UHNWIs or “Ultra High-Net-Worth Individuals” are the first to recognize the appreciation potential of luxury goods; studies have shown that approximately 20% of the share allocated to tangible assets by UHNWIs is made up of luxury goods.

There are three main reasons for this popularity. First, high-end luxury goods often come with a sense of rarity and therefore tend to appreciate in value over time. For example, rare whiskies have outperformed the S&P 500 by 122% over a 10-year period. Second, luxury goods exhibit low correlation to traditional assets, which helps diversify multi-asset class portfolios. Third, the most exclusive luxury goods are particularly resilient to recessions and act as an inflation hedge; their intrinsic value allows them to maintain or even increase in value during periods of high inflation. Furthermore, luxury brand stocks tend to perform well over time due to their ability to maintain high operating margins and use their free cash flow for strategic acquisitions.

Source: Visual Capitalist

Blockchain technology at the service of luxury

A major problem in the luxury goods market is counterfeits, which threaten the exclusivity and prestige of brands and subsequently lead to a loss of consumer trust. How can you be sure that the Louis Vuitton bag offered at half price on Facebook Marketplace is real? Blockchain offers an answer to this problem. This digital ledger securely records transactions in a decentralized and immutable manner. By registering luxury goods on the blockchain, it allows for detailed provenance tracking, tracing the history of the good from its creation to its current owner. This feature is particularly useful for frequently imitated items, such as handbags, cigars, wines, and watches. Unique digital certificates on the blockchain allow buyers to independently verify the authenticity of an item, which helps speed up decision-making and build trust in the market.

The Origyn Foundation oversees the activities of Origyn Entreprise, a Neuchâtel-based firm that develops NFT (Non-Fungible Token) certificate technology, these non-interchangeable tokens, based on the blockchain, which make it possible to attest to the authenticity of a work and to associate it with a single owner. Origyn’s technology is based on the Internet Computer of the Zug-based firm Dfinity, a sort of decentralized cloud 3.0 thanks to the blockchain. These tokens are not only useful in the event of resale but also facilitate the use of luxury goods as collateral for loans.

Source: Origyn

Gübelin Gem Lab has introduced the Provenance Proof Blockchain to trace the journey of each gemstone from rough to finished product, so customers can trust the authenticity and ethical sourcing of their gemstones.

In 2021, LVMH, Prada Group, OTB and Richemont founded the Aura Blockchain consortium, a non-profit organization.
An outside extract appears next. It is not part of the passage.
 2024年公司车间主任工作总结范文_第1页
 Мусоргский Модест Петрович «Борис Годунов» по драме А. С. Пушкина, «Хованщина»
The consortium, headquartered in Carouge (Geneva), issues a “digital passport” during production, as a unique digital identifier and certificate of authenticity. The customer can then track the product’s entire lifecycle, from the supply chain to in-store purchase. This digital passport also provides proof of ownership and an e-guarantee. Today, Aura Blockchain brings together 40 premium brands such as Mercedes-Benz, Givenchy, Dior, Loro Piana and Tod’s, with over 40 million luxury products registered on its platform.

The consortium also allows luxury brands to create NFTs as digital duplicates of physical products. When customers buy a product, the brand can offer a digital token as a collectible. These tokens can confer various services, such as after-sales services, loyalty rewards and benefits related to the repair of the product. Brands can also sell tokens with benefits, a solution already proposed by Prada with its Timecapsule collection and by Givenchy with its BSTROY x Givenchy collection. By investing in an NFT loyalty card, customers can access exclusive benefits such as early product launches and invitations to exclusive events. But these NFTs can also be returned to electronic marketplaces. Their values ​​can therefore fluctuate over time in 24/7 mode.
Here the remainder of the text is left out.